Accordo da definire. La casa municipale ed Rfi potrebbero presto chiudere un’intesa su un intervento che è l’obiettivo dichiarato, a quanto pare, dovrebbe avere un costo di circa 4 milioni di euro e di cui si farebbe carico proprio Rfi, tenendo anche conto che di fatto gli ascensori del Lumbi rappresenterebbero anche una prosecuzione delle opere già previste dalle Ferrovie dello Stato nell’ambito del progetto per il raddoppio ferroviario. La futura stazione a monte è prevista a Taormina ai piedi del piazzale della Madonnina e da lì verrà collegata dalle Ferrovie dello Stato con il soprastante parcheggio Lumbi, quindi in questa circostanza l’intervento richiesto dalla Perla dello Ionio andrebbe a completare un sistema di trasporti destinato a rivoluzionare l’intera zona nei prossimi anni.

L’ipotesi. La richiesta che avanzerà il Comune di Taormina è però che questa opere possa essere realizzata in tempi stretti, anche perchè se si dovesse attendere che diventi prima realtà la nuova linea ferroviaria passerebbero ancora diversi anni.
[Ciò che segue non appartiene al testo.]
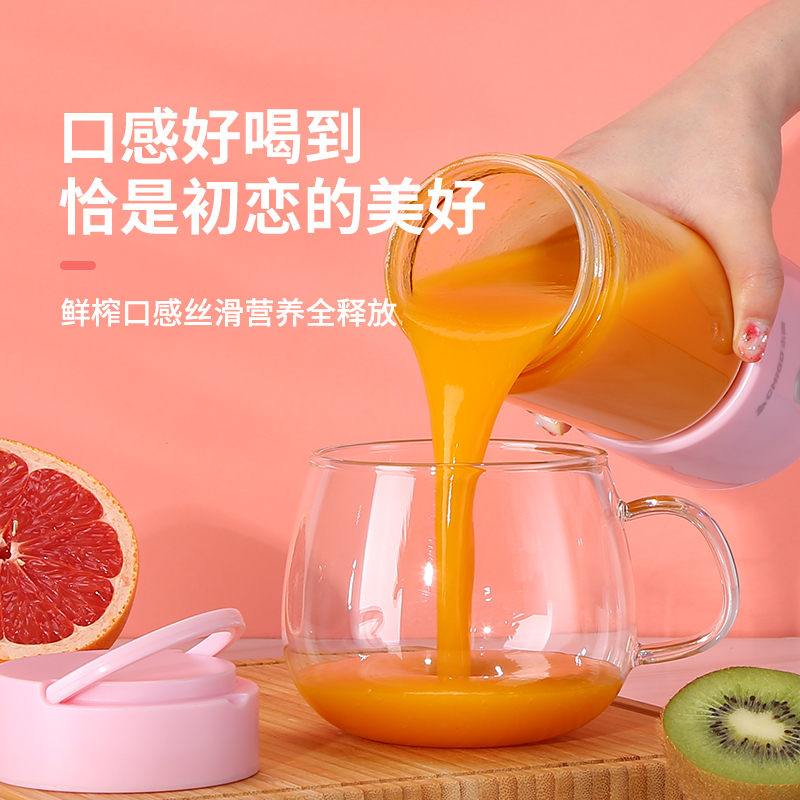 志高金灵专卖店志高榨汁机便携式全自动家用榨汁杯水果小型充电迷你电动炸果汁杯0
Le opere per il raddoppio ferroviario potrebbero andare in appalto ad aprile di questo anno per poi scattare, a tutti gli effetti, all’inizio del 2020: serviranno almeno 6 anni di cantiere e di lavori per portare a termine tale “faraonico” progetto. L’obiettivo decisamente più immediato della casa municipale taorminese è che gli ascensori Lumbi-centro storico, che collegherebbero il parcheggio gestito da Asm, con il piazzale sottostante la Via Fontana Vecchia possano essere realizzati nel 2020 o che almeno per allora possa esserci il via ai relativi lavori.
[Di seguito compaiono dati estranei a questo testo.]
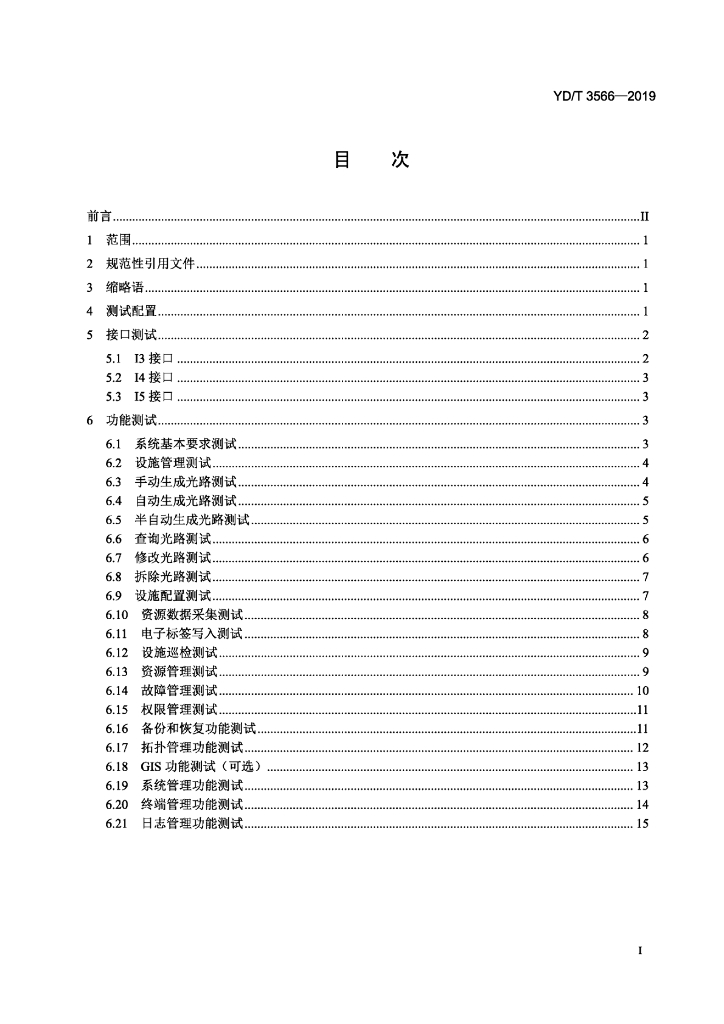 YD/T 3566-2019 标准预览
Attesa ultraventennale. Il Lumbi venne aperto nel 1995 e ancora oggi la Città di Taormina attende questa infrastruttura rimasta incompiuta, mai realizzata nonostante nel corso del tempo ci siano state periodiche speranze e vari annunci che non hanno avuto un riscontro concreto. Stavolta pare proprio che possa trattarsi della volta buona per risolvere il problema. Il progetto per gli ascensori dispone già di tutte le approvazioni da parte degli enti preposti e sarebbe cantierabile in via immediata. Bisognerà attendere che a marzo si definisce l’iter della conferenza dei servizi per il raddoppio ferroviario ed in quella occasione il Comune di Taormina chiederà, nella fase immediatamente successiva, che venga messo “nero su bianco” sugli accordi per le opere di compensazione che interesseranno i territori della zona ionica.
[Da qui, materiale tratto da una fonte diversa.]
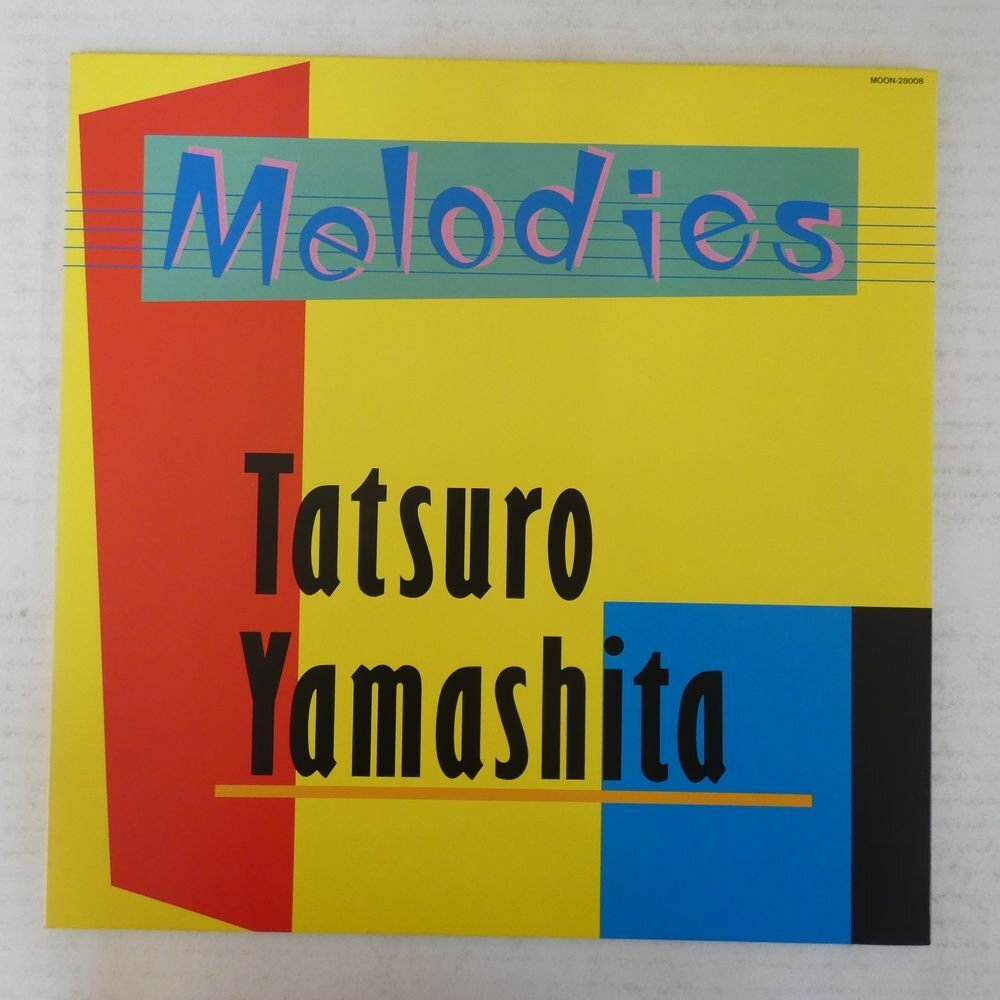 Yahoo!オークション -「melodies.」(音楽) の落札相場・落札価格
L’altro obiettivo. Taormina, infine, punterà anche ad una intesa con Rfi sulla necessaria realizzazione di una strada alternativa alla SS185 a Trappitello (l’attuale Via Francavilla) per dare respiro alla viabilità quando dovranno transitare da quelle parti i numerosi camion e mezzi pesanti impegnati nel trasporto materiale per i lavori della futura linea ferroviaria. In questo caso servirebbero circa 3 milioni di euro per congiungere con una circonvallazione esterna l’area Santa Venera con quella delle Case Popolari.